Saturday, February 12, 2011
Dear Morning, I Hate You.
Dear morning, I hate you. I don't mean this in a funny ha ha way. I mean this in a very literal every sense of the word way.
When morning comes and it's time to wake up, I loathe it. I milk every last minute in bed. I hit snooze over and over doing the math in me head the whole time. You know the math. What time will it be if I snooze again? If I hit snooze again I can skip the shower and just wash my hair. If I hit it one more time I can skip breakfast and just make a cup of coffee. If I hit it once more, I won't get dressed and I'll just wear my pajamas to work- they look like clothes right? Don't laugh. This is literally what I do.

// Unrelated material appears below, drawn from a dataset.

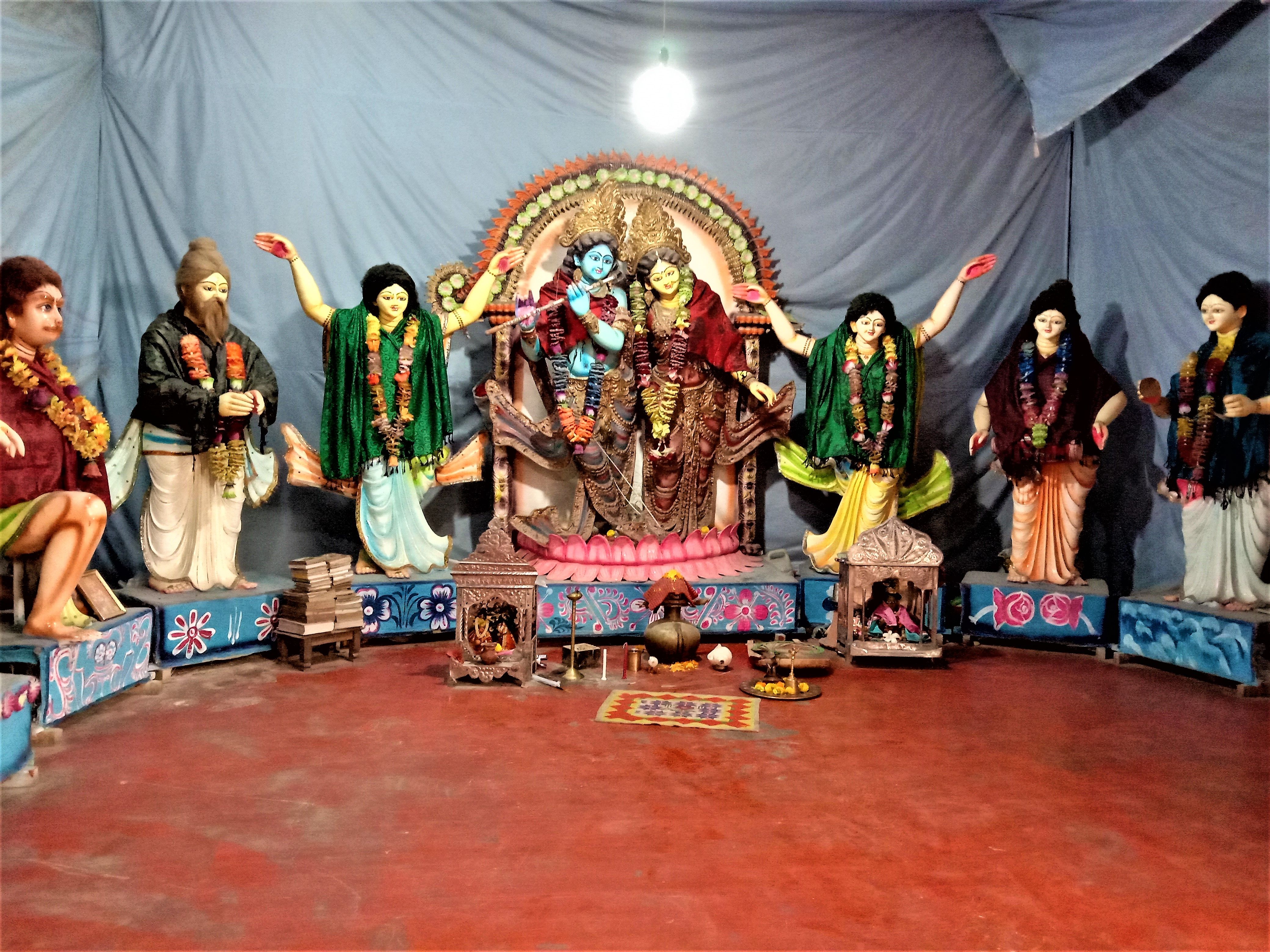ঘুরে আসুন ঐতিহ্যের রমনা কালী মন্দির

The sad part is that I don't even work right now. I sleep until 9:00am because the one thing my kids listen to me about is sleeping in! Yet I still can't seem to pop out of bed in a good mood. I draaaaaaaaaag myself to the kitchen to make the one cup of coffee a day I can have. It's agony. Thank the Lord Sweet Baby Jesus my husband has come to terms with who I am and he gets up early to take our oldest to school in the morning. The man is a saint. Or he values his life.

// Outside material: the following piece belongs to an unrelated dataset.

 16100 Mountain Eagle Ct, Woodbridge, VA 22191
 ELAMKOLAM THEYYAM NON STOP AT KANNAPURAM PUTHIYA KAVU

Here's the funny thing. I actually like the morning part of the day. The clean still air and the birds chirping. It's a very quiet and calm part of the day. I just hate the 5 minutes where you actually HAVE to drag it out of bed and make the day start.
When you mix this loathing of mornings with my penchant for bouts of insomnia it's just a battle I've come to terms with. I'm never going to like mornings. I'm never going to be a "morning person". And I'm never going to not need coffee to make me pleasant to the world. I've come to terms with it. My husband has come to terms with it. And by the grace of God my children have come to terms with it too. Just thought you should know.